As for the origin of FDI, the Netherlands was the leading investor in the region, basically because it is a conduit for investments from third countries. It is followed by the United States, at 18% of received FDI, Spain (14%) and Japan (8%).
After all the talk of China buddying up and being the developing world’s banker, how interesting is this? Of course, sometimes China makes deals that wouldn’t necessarily count as FDI, but the numbers are still shocking. Makes me wonder what it looks like in Africa.
Over the past decade, the European Union sent an average of US$ 30 billion per year in FDI to Latin America and the Caribbean. At nearly 40% of total FDI in the region, this makes the European Union the leading origin of inward FDI to Latin America and the Caribbean (see figure 4).

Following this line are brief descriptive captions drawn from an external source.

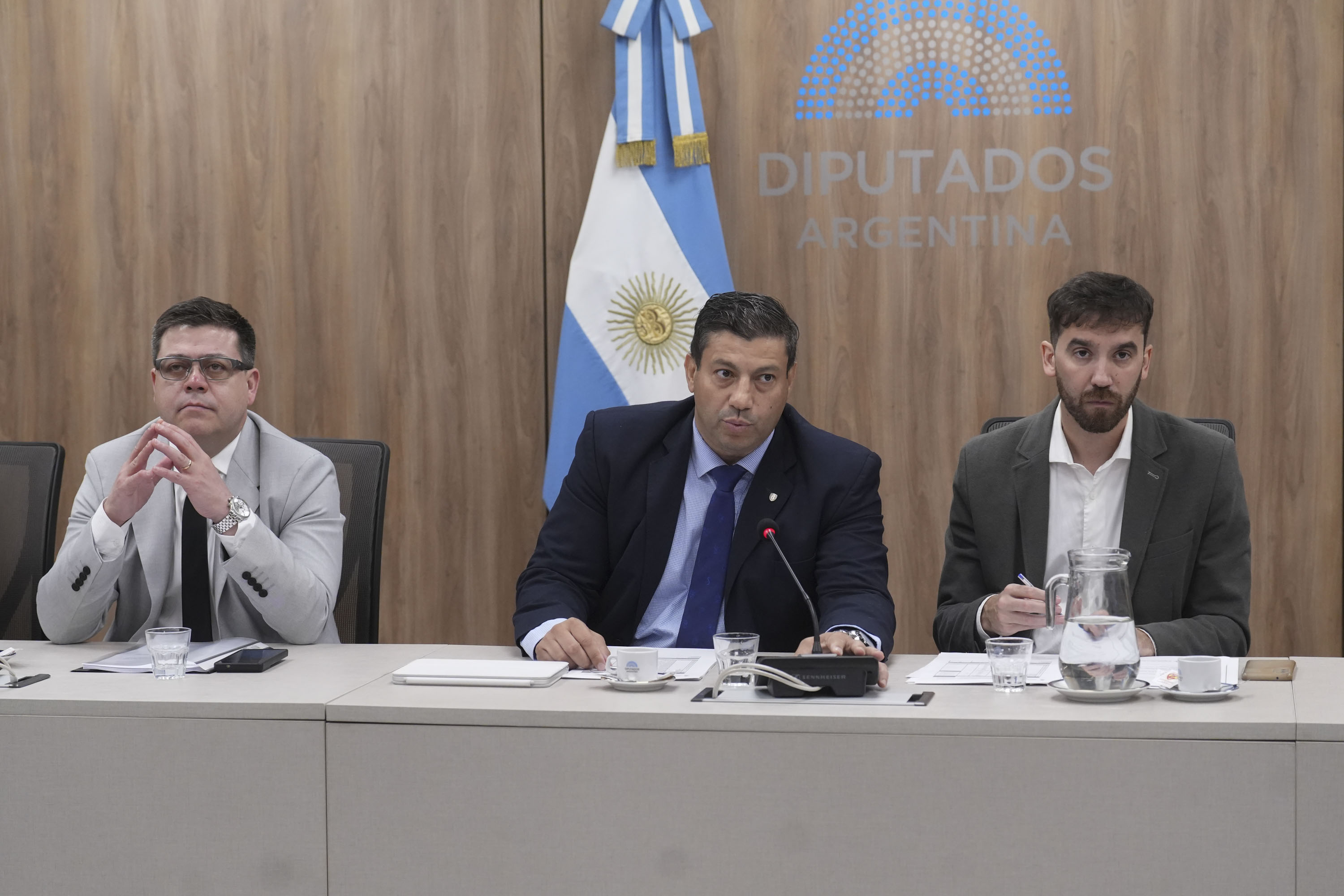 Galeria de imagenes de la noticia SE REUNIÓ LA COMISIÓN DE INTERESES MARÍTIMOS, FLUVIALES, PESQUEROS Y PORTUARIOS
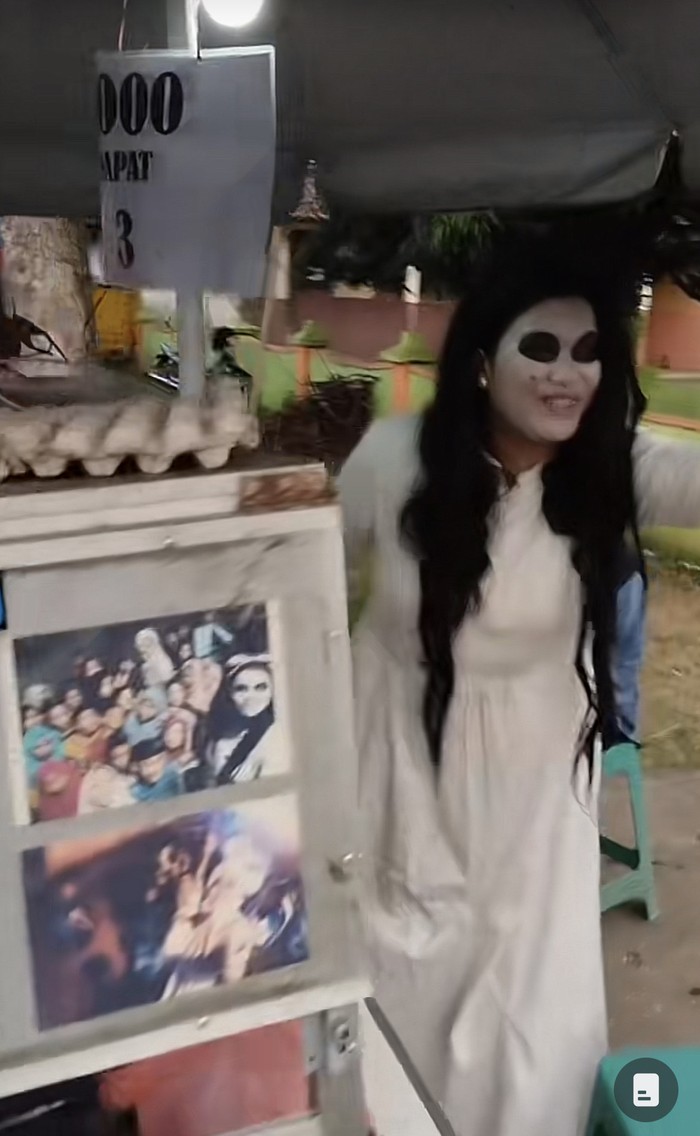 Wanita yang menjual papeda telur puyuh ini viral karena mengenakan kostum kuntilanak.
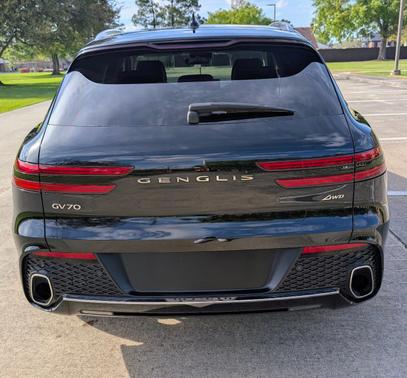 2024 Genesis GV70 2.5T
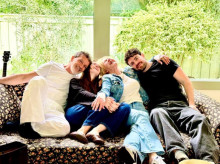 gente/20260427/imagenes-antonio-banderas-melanie-griffith-paseando-agarrados-brazo_411369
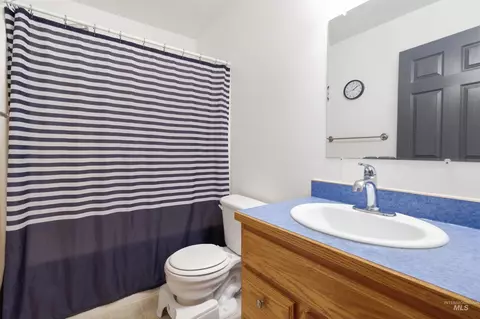 Bath - 483 E Valleyview Ave, Genesee, ID 83832 photo 2 of 5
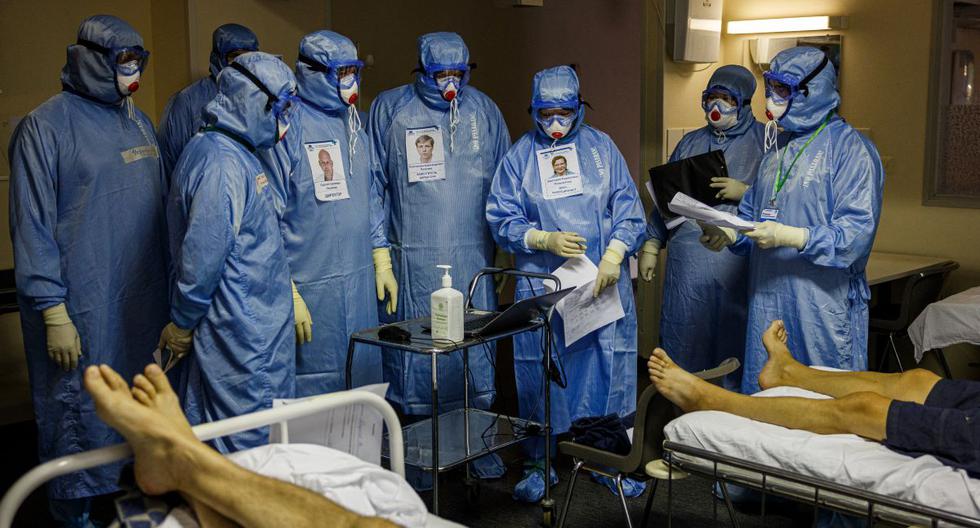 Los médicos que usan equipo de protección personal (EPP) trabajan en la unidad de cuidados intensivos para pacientes de coronavirus Covid-19 en el hospital de emergencia Sklifosovsky de Moscú, el 20 de octubre de 2021. (Dimitar DILKOFF / AFP).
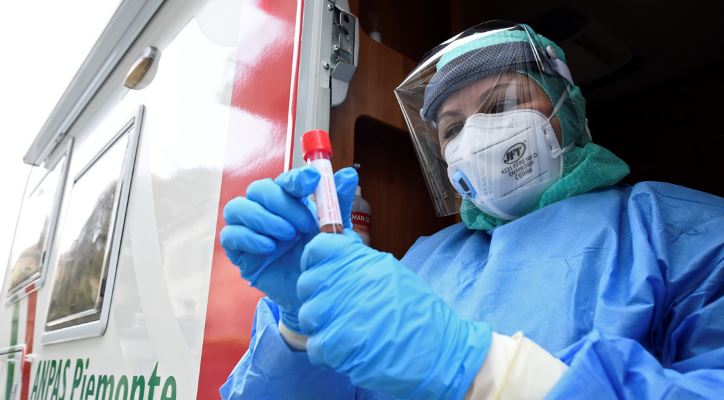 Muertos por coronavirus en el mundo superan los 200.000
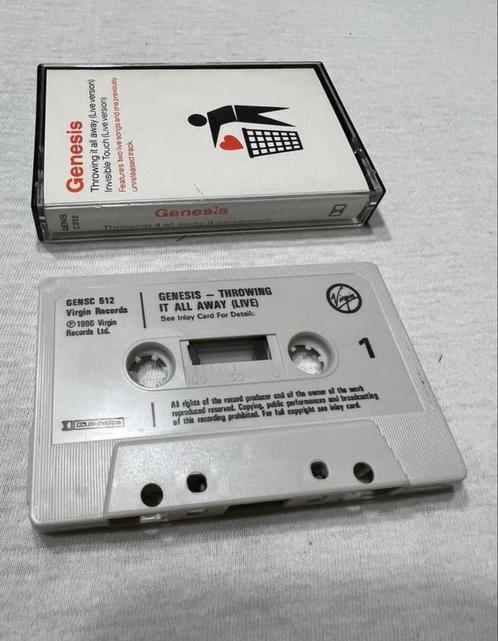 Cassette Genesis - Throwing It All Away 1986 + Live !, CD & DVD, Cassettes audio, Comme neuf, Originale, 1 cassette audio, Avec boîte de rangement, étagère ou coffret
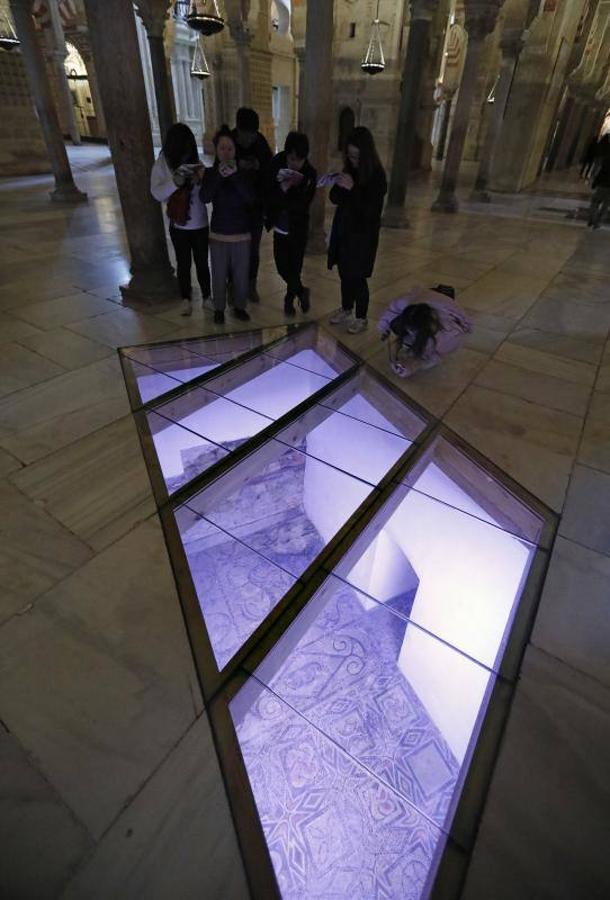 Los restos bajo la Mezquita-Catedral de Córdoba, en imágenes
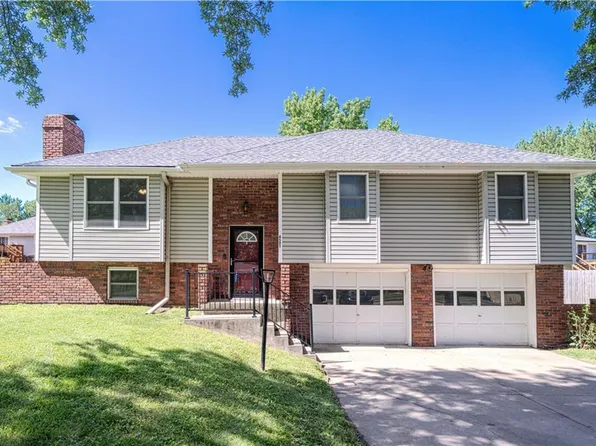 4521 Gene Field Rd, Saint Joseph, MO 64506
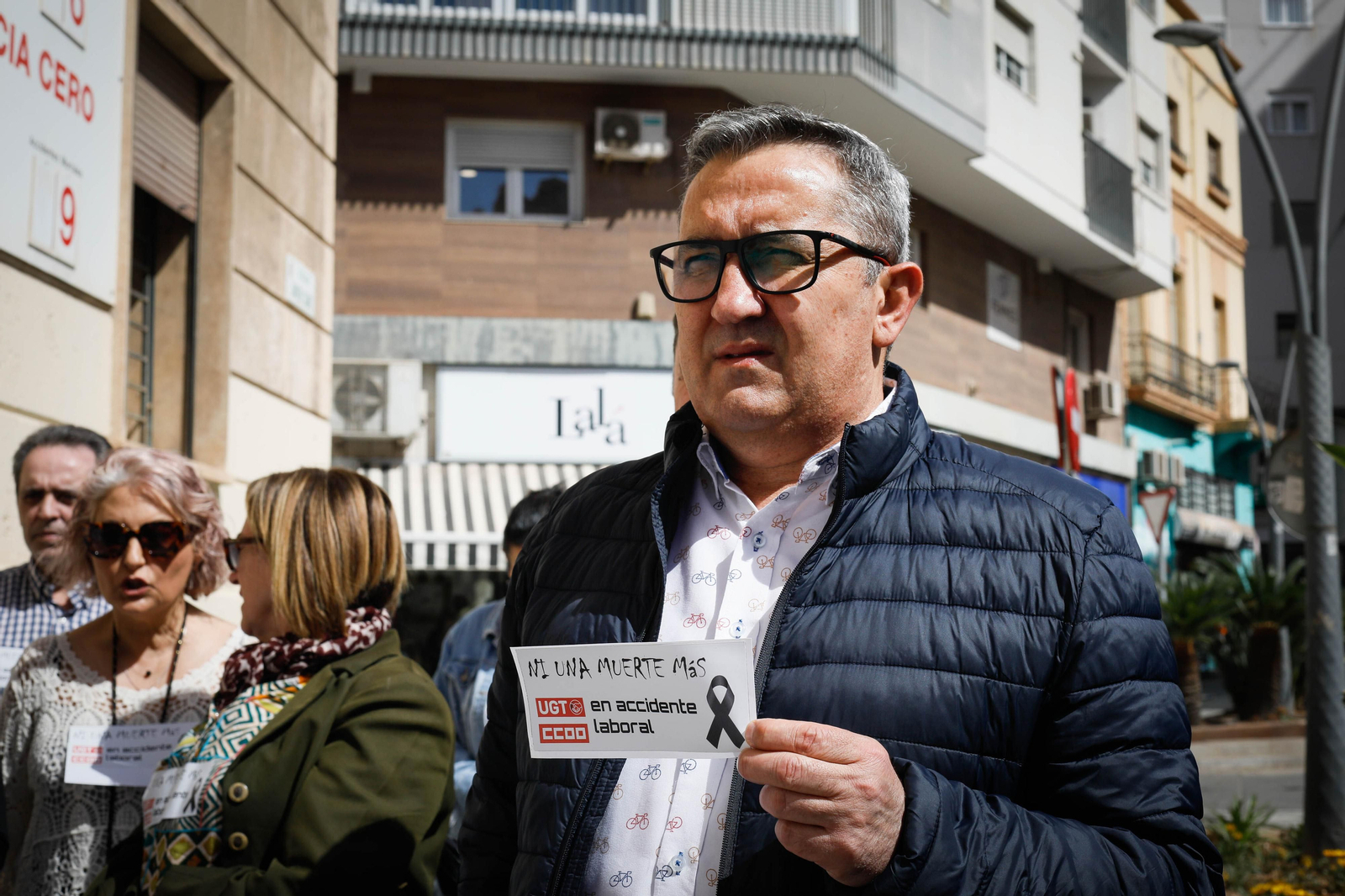 Imágenes de la concentración por muerte de un trabajador en accidente laboral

I would assume this is from strong ties to former colonial powers, not going to say if this is a good or bad thing because it’s obviously more complex than that. This is why Spain is so disappointed(outraged) by Argentina’s recent nationalization of YPF.
Operations in Latin America have become essential for these companies’ worldwide business —especially for Spanish companies. With the current situation in Europe, operations in Latin America considerably help parent companies balance their consolidated balance sheets and weather adverse circumstances.
Big-time gulp and collar tug for Spain’s poor ass.
There’s a section on banks I’m not going to touch because it’s basically about how primitive Latin America is as far as banking, which may have been a blessing in disguise.
Companies specializing in renewable and non-conventional energies such as wind and solar power have ventured into the sector in recent years. This is the fastest-growing segment, both worldwide and in the region; while its share of power generation is still marginal (in the area of 1%), in Brazil it now accounts for 10% of all greenfield power generation investment. Wind power has soared in the past two years
Would obviously like to see this pay off.
The uncertainty that has prevailed for nearly five years now has not eased, but the countries of Latin America and the Caribbean have continued to show responsible macroeconomic management and resistance to external turbulence. If sovereign debt problems and drastic fiscal adjustments do not lead to any further worsening of conditions in Europe, and if the robust pattern of growth in China does not diminish,the countries of the region should see no significant deterioration in their current position.It is thus highly likely that FDI flows will remain high in 2012.
Assuming Europe doesn’t completely collapse and fall into what would be an infinitely entertaining dark age, everything should be okay!
At this point(bout pg 28) in the PDF, things start to get more specific, and less share-worthy. If you had a particular country in mind, do yourself the favor and ctrl-f it.